EDEBİYAT KÖYÜ
Hafiften kar serpiştiriyordu. Karın çağrıştırdığı kötü dizeler geçiyor aklımdan nedense. Lanet okuyorum kör şeytana. Uzaklaşıyor benden, rahatladığımı hissediyorum. Uçuşan beyaz kelebekleri izlemeyi sürdürüyorum. Kelebek diyorum, çünkü kelebek gibi kısa ömürlüydü bu kar tanecikleri. Daha yere konmadan eriyor, yağmura dönüşüyordu.

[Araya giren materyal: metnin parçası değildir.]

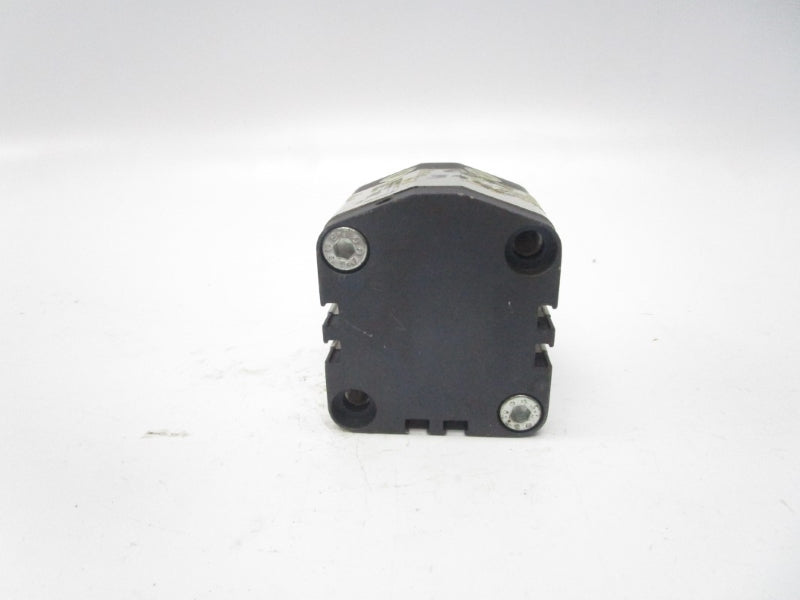 PARKER P1M050CDNC9M015 150PSI (AS PICTURED) NSNP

Asırlık sedir ağaçlarıyla çevrili mekânda oturacak yer bulmak mümkün değildi. Kuru pastasını, hediğini, sıkmasını, böreğini; çayını ya da sütünü alan terasa çıkıyor, hafiften serpiştiren karı seyre dalıyordu. Kimi bu romantik ortamı ölümsüzleştirmek için fotoğraf çekiyor, kimi de koyu bir sohbetin içinde kayboluyordu. Geniş salonun orta yerinde devasa bir odun sobası gürül gürül yanıyordu. Sobanın üstünde koca bir tencerede fokurdayan sütün başındaki kalabalık da tenceredeki süt de hiç eksilmedi. Arka taraftaki çay ocağındaki emekçi kadın ise doldurduğu bardak sayısının hesabını tutsaydı, kesinlikle Guinness Rekorlar Kitabı'na girerdi.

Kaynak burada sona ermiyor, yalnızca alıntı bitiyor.